Гостья кивнула и скрылась в белоснежном облаке подушек.
Мобильная кофейня в расписной буханке «фольксвагена» припарковалась на привычном месте, в трех улицах позади, вблизи оживленного перекрестка. Бирюзовый корпус с белыми пальмами, откидной крышей и боковиной под барную стойку, внутри пластиковый суррогат, бутыли сладких сиропов, подносы с заветренной выпечкой и главный экспонат – кофемашина величиной с мини-бар. Антон догадывался, почему Брахман выбрал легендарный минивэн для работы: достаточно вспомнить его клиентуру, с тупым обожанием поминающую Вудсток, где их никогда не было и быть не могло.
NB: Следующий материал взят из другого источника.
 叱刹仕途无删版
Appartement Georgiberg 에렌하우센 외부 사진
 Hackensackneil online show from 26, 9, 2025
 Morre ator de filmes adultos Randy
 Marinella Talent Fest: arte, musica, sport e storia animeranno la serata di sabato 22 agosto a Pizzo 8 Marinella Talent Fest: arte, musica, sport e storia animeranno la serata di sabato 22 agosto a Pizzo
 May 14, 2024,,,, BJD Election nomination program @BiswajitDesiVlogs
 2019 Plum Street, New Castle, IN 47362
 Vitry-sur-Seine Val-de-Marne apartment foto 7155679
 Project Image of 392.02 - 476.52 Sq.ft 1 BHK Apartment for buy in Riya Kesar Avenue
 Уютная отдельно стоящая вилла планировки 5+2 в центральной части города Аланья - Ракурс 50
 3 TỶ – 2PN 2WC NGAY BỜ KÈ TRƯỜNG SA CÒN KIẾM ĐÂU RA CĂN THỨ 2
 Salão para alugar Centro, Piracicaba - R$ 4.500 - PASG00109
Однако «хиппи-мобиль» манил не только бодрящим напитком с пышными булочками. Со всего города к машине стекались любители побродить по неизведанным мирам под действием какой-нибудь новомодной дури. Были в кофейне и вещества экзотические: коренья, грибы и листья, от которых, как утверждал Брахман, непременно услышишь голос богов. Но большим спросом пользовалось, конечно, зелье.
Антона нельзя было назвать постоянным клиентом Брахмана, но пару раз в месяц он здесь появлялся. Зелье не заполняло пустоту, но хотя бы на время могло заглушить мрачные мысли – ради такого можно и потерпеть утреннюю тошноту.
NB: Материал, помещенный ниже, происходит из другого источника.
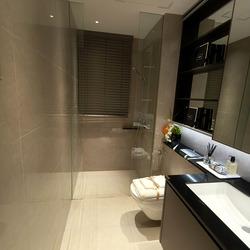 One Marina Gardens (D1), Apartment #558800111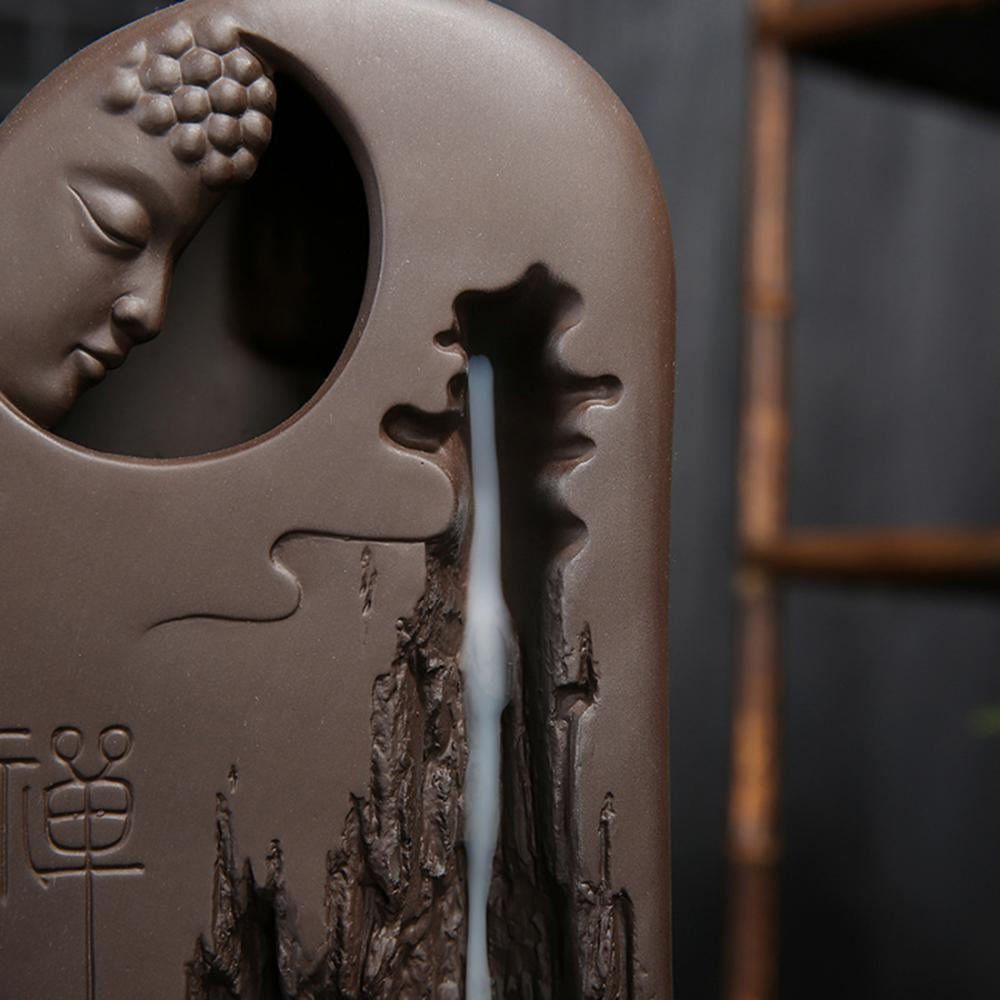 Incense Holder Ceramic - acacuss
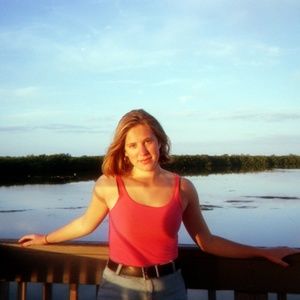 Meet your Posher, Eileen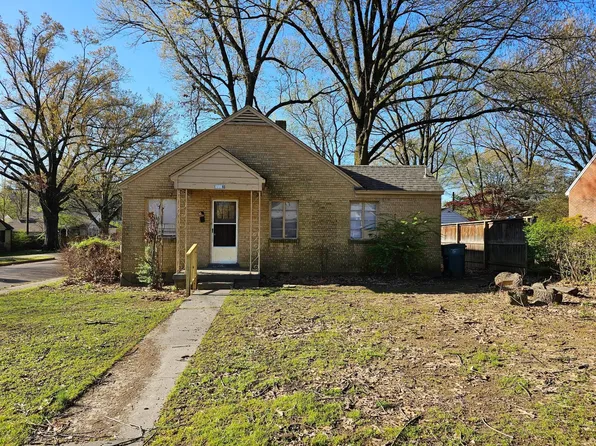 3593 Autumn Ave, Memphis, TN 38122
Брахман в кожаном фартуке, шляпе городского стиляги и густой щетиной на лице пританцовывал под регги из колонок «фольксвагена». Внутренним взором он любовался карибским солнцем, а не белесой хмарью северного неба, неделями не пропускающей солнечные лучи.
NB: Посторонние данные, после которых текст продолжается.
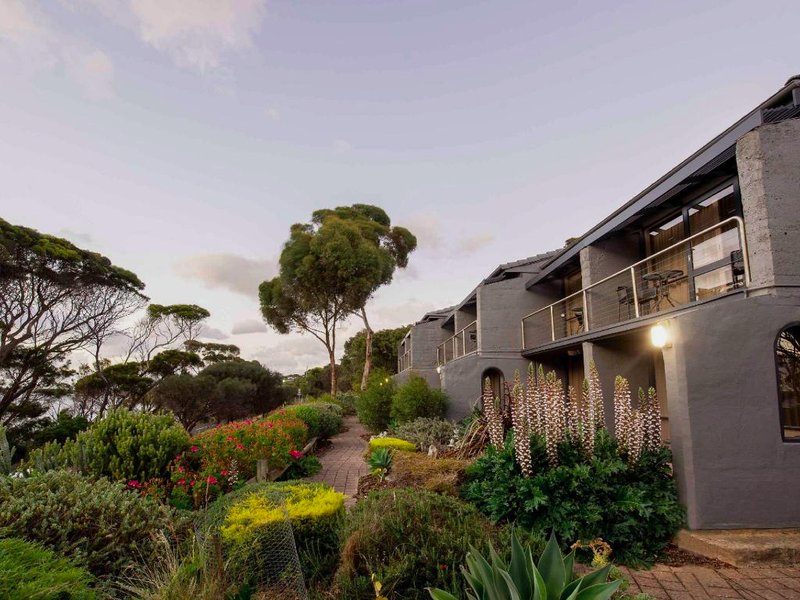 メルキュール カンガルー アイランド ロッジ (Mercure Kangaroo Island Lodge)の写真
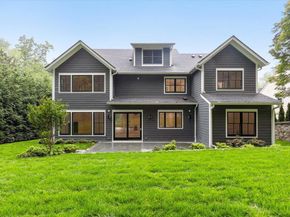 239 ROCK CREEK Lane, Scarsdale NY 10583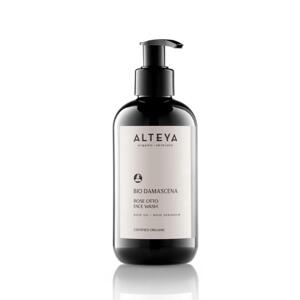 Alteya Organics Pleťové mýdlo  250 ml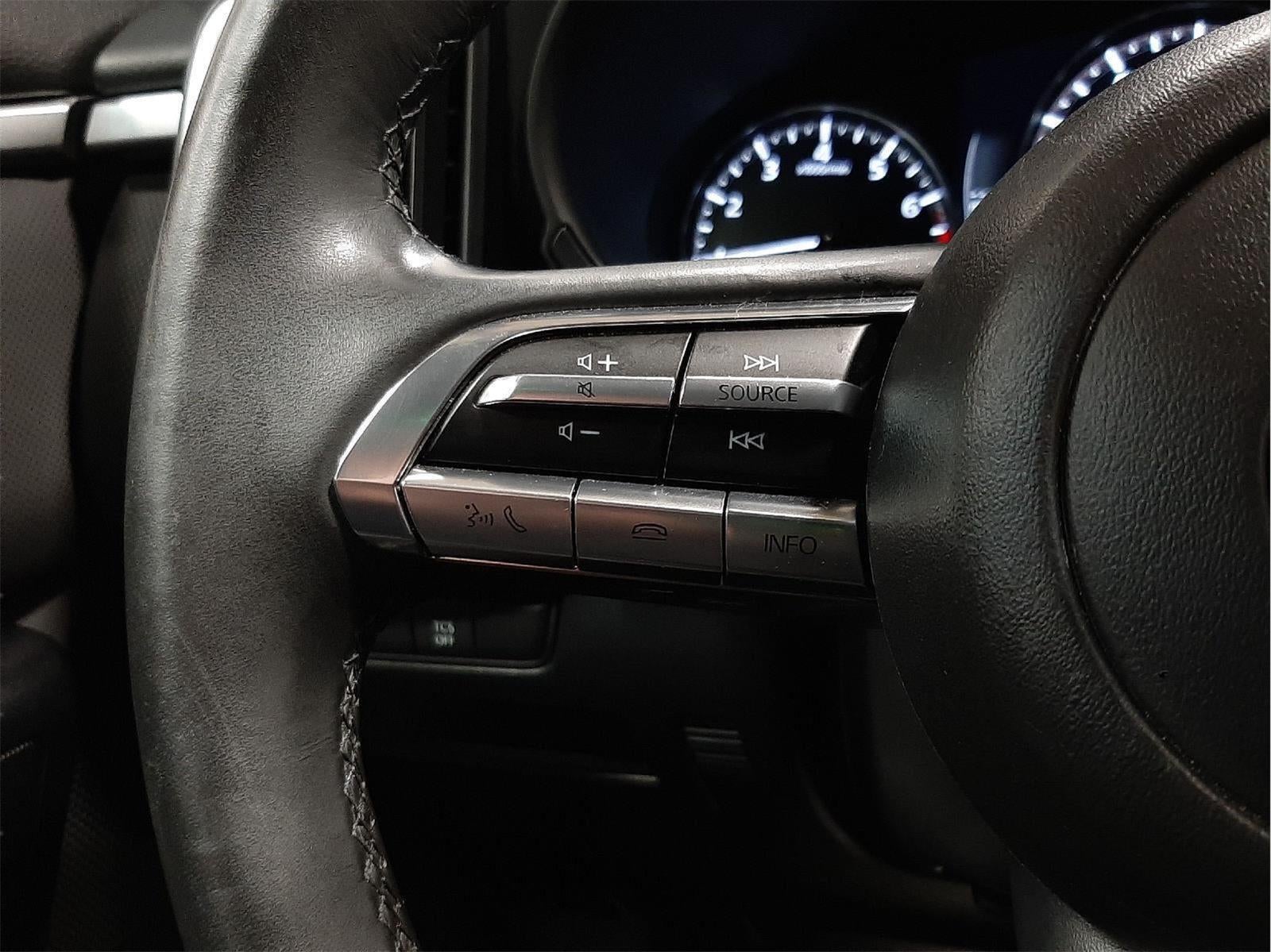 2024 Mazda Mazda CX-50 2.5 S Select Package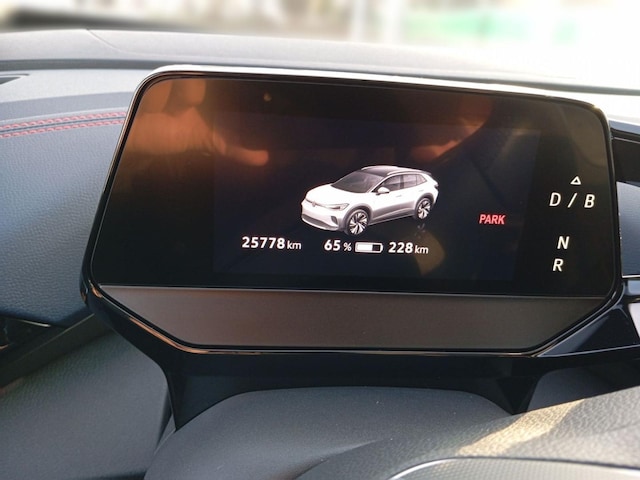 Volkswagen ID.4 GTX IQ.Drive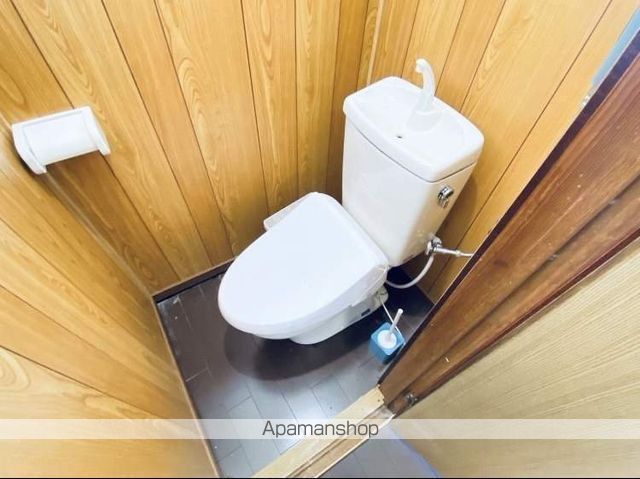 コンフォーティア小樽の内装写真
– Какие люди! Здорово, Володь, – Брахман сбавил громкость и через заднюю дверь минивэна тяжело спрыгнул на асфальт, чтобы пожать гостю руку. Варщик отлично усвоил правила игры и на людях звал Антона, как указано в паспорте. – Быстро ты соскучился по моему магическому кофе.
– Это не для меня. Мне нужна ясная голова.
Брахман понимающе кивнул и протянул ему закрытый бумажный стакан. Зелье плескалось чуть выше середины – приятель щедростью не отличался.
– Твоя голова на вес золота… Кстати, – Славик поправил шляпу и уставился на вывеску суши-бара напротив, – хорошо, что зашел. Хозяин тобой интересовался.
– Нет, мы уже закрыли тему, не буду я с ним работать…
– Да нет, тут другое, – перебил Брахман. – Помнишь, ты хотел крутое дело – бронебойное, чтоб челюсть свело? Тогда Ноунейму не будет равных. Хозяин сейчас как раз в тупике: не знает, кому поручить. Говорят, адский квест – все погорели. О награде не беспокойся: заплатит, сколько скажешь.
Антон покачал головой.
– Не отказывайся так сразу. Давай позже обсудим. Это ж Хозяин, а не хрен с горы – его нельзя просто так опрокинуть. Такая вакансия раз в жизни бывает!
Щелк зажигалкой.
– Не-а. Мне лишний криминал ни к чему.
– Ну надо же, какие мы в белом пальто! – Брахман даже обиделся. – Тебе миллионы перепадут за одно гребаное дело!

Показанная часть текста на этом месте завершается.